Much as I’d like to claim some prescient vision of the future, the fact that Dmitriy Malchanov and I participated in a webinar this week entitle “Pay TV’s Uncertain Future” and Apple’s re-launching of Apple TV are merely coincidental.
While many were expecting Apple to come out with a new version that would radically reshape the video consumption model, the new version of Apple TV is essentially the same as the older version with the addition of some key content partners, a reduced price and footprint. It is an innovative design–no shock there–and it definitely will appeal to Mac heads and a niche of the TV viewing audience.
However, I must diverge from an emerging thought stream including a blog from my colleague Benoit Felten that Apple has just sparked the fire that will eventually burn down the pay TV business and linear programming in the same way the iPod radically disrupted music. I’ll concede that for certain segments of the viewing audience the new Apple TV is yet another reason to rid themselves of the pay TV bill. I also will concede that in European markets where content on public broadcast stations dominant the ratings, there’s a compelling argument to be made that for those who don’t need or want to pay for live sports and are content to wait a few days for traditional linear content.
Instead I believe Apple TV is just another nudge toward a market trend of U.S. consumers reducing their overall spending on pay TV. It is not a revolution that spells the end of the linear business in large part because Apple TV or any other retail set-top box can’t replace ALL of the content that consumers want. And based on the current configuration of media ownership, it’s not likely that they’re going to get a significant amount of content on a timely basis.

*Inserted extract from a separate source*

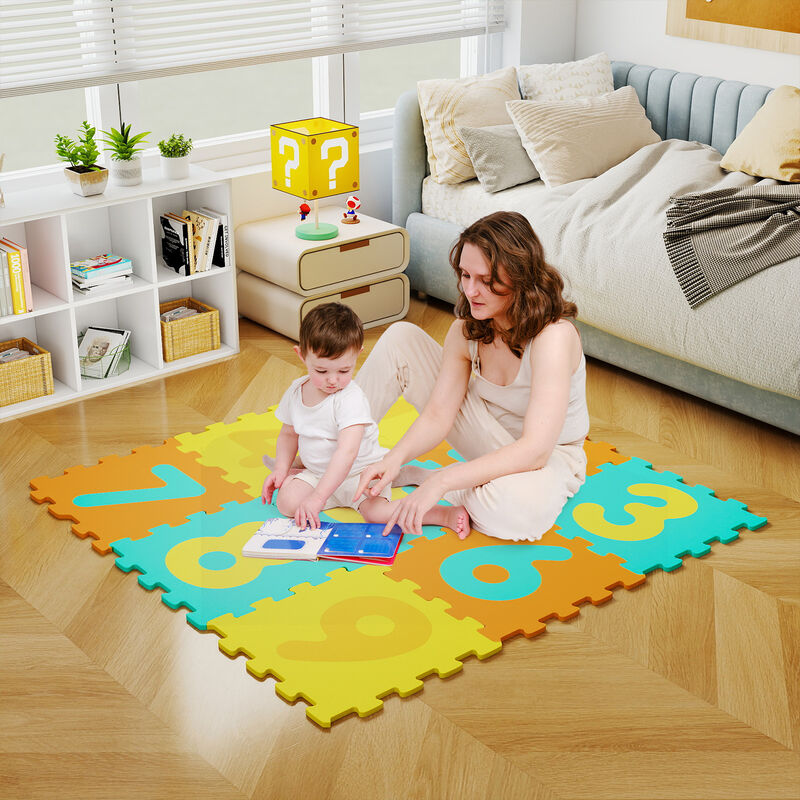 Foam Puzzle Floor Mat for Kids &ndash; 9 Interlocking Pieces with 3 Marker Discs image number 7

Getting Fox and ABC to sell shows a day after first airing a big step. Getting Netflix is nice but the number of retail STBs and gaming consoles that don’t carry Netflix streaming is vanishing. What’s missing is the other two big networks. CBS has been reticent to provide much content outside of its own site and NBC along with a massive “cable” network lineup is about to consumed by Comcast, which is highly unlikely to give anything up to Apple that further erodes the core business. This is to say nothing of the pressure pay TV operators will put on programmers during carriage fee negotiations.
There’s also an argument to be made that a move all on-demand viewing will further consolidate media and blunt creativity as consumers only focus and pay for what they find familiar but that’s a debate for another time.
In Yankee Group’s 2010 U.S. consumer survey, 17% of respondents said they never would cancel in favor of Internet-based options. That’s dropped slightly from last year but what’s most interesting is that among that group, an overwhelming majority said they won’t let go because of the breadth of content and ease of use.
While Apple TV, other retail STBs and gaming consoles have a lot of content, they don’t have the full gamut and aren’t likely to get it for some time. And ironic as it might sound, pay TV customer service is likely to be a competitive differentiator.